In Rabin Karp, if the hash value matches, we check the strings for a match using the the usual O(n) method, thus elimination false positives due to collisions. This is ok if we only need to check whether a string occurs in another or not. But in this problem we also need to count all occurrences, so using that will end up being O(n^2) if all substrings match. So we simply choose a very good randomized hash function and depend on the fact that collisions are so rare that the chances of one happening during system tests is practically zero.

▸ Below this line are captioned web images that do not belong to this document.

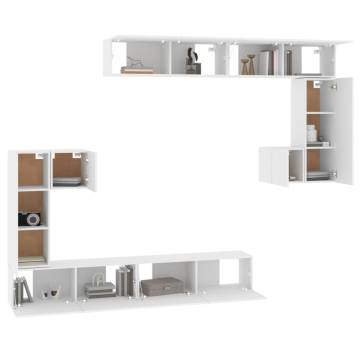 Wall-mounted TV Cabinet White Engineered Wood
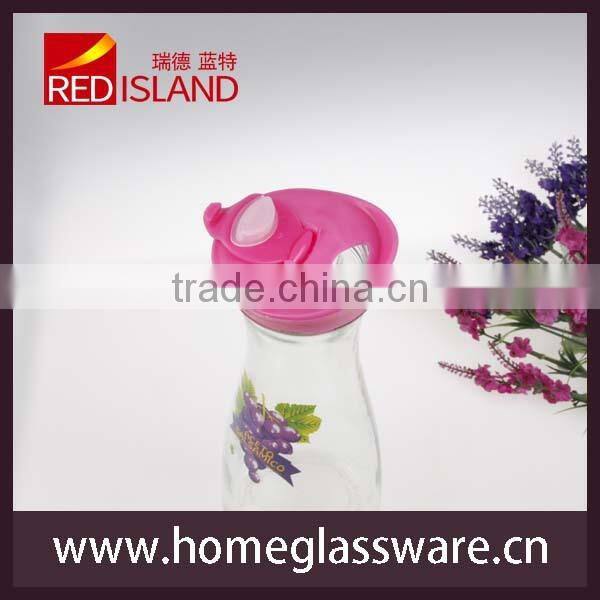 1L glass water bottle with lid, juice bottle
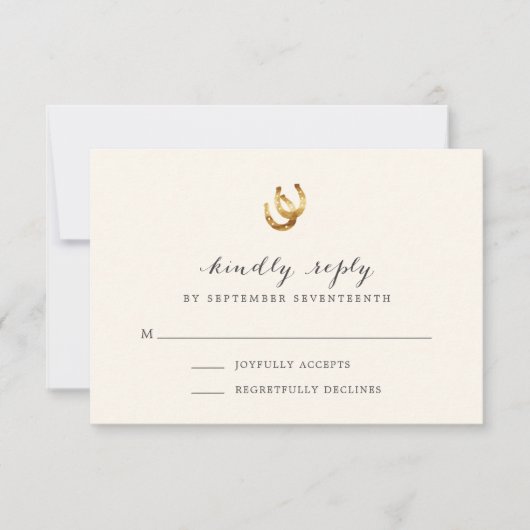 Lucky in Love Hoefijzer Wedding RSVP Kaart (Voorkant)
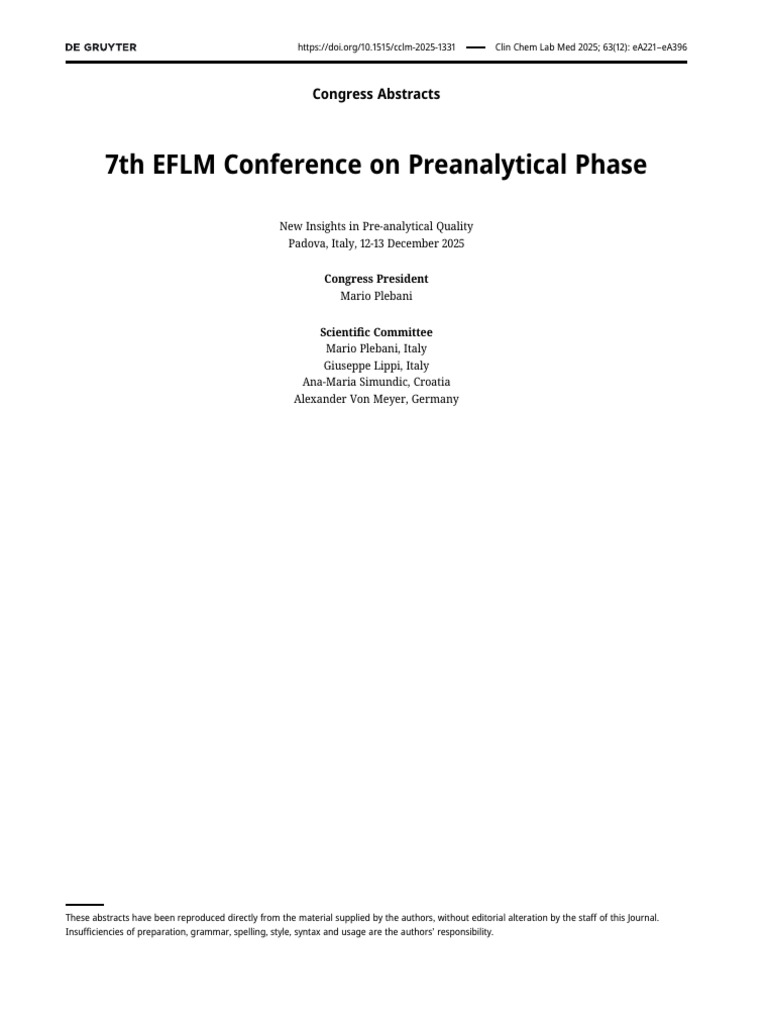 EFLM Conference 2025 Abstracts on Preanalytical Phase | PDF | Blood ...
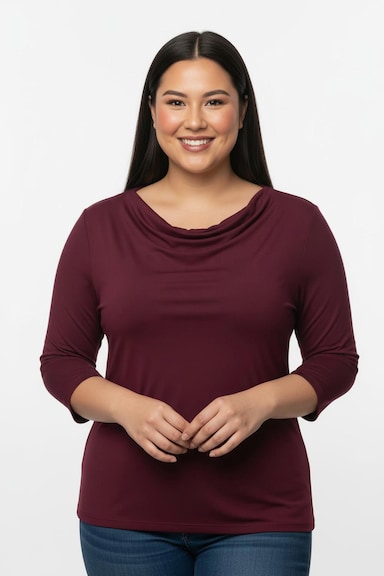Wasserfallshirt mit 3/4-langen Ärmeln - burgund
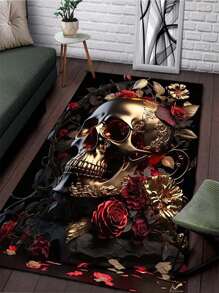 1pc Skull & Rose Pattern Crystal Velvet Floor Mat For Living Room Home Decoration - Multicolor - View 2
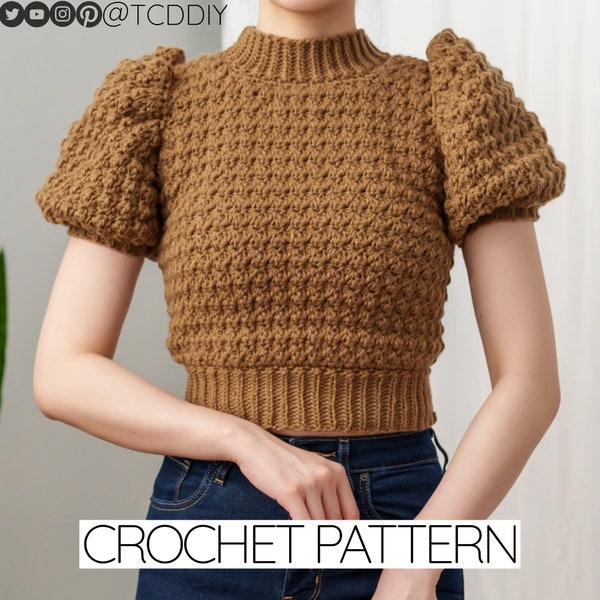 Crochet Pattern | Crochet Puff Sleeve Top Pattern | Crochet Short Sleeve Puff Top Pattern | Crochet Puff Sleeve Sweater | PDF Download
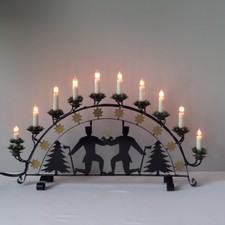 Erzgebirge Metall Schwibbogen Lichterbogen Bergmänner elektrisch 10 Kerzen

I coded this right away and, after the traditional bug hunt all my code demand, was happy to see my solution solve all sample cases well in time. Confident of my solution, I moved on to the next problem , quite pleased with myself and thinking of a large rating increase.
But my solution failed the system tests. I looked at my code again, but could not find any mistakes. After a few more minutes I gave up. Later on, I tried my solution in the practice rooms, and it turned out it fails even some of the example cases in the system tests. That’s really odd since I tested those cases myself before submitting and it passed all of them. Running systems tests again, I saw my solution now fails on several other cases, but passes some of the old ones. The exact same code giving different results on the same input. My immediate suspicion was that the hash function was getting way too many collisions. I changed my code to use long longs instead of ints and ensured that the value of M would never be too small. I was dumb enough to simply code that M would be in the range [3,2^31), so small values of M would still make my solution fail. I submitted again, and it passes all tests. Code for my practice room submission can be found here.
Perhaps writing this will ensure I remember this lesson. On the bright side, I got a small rating increase despite scoring a duck.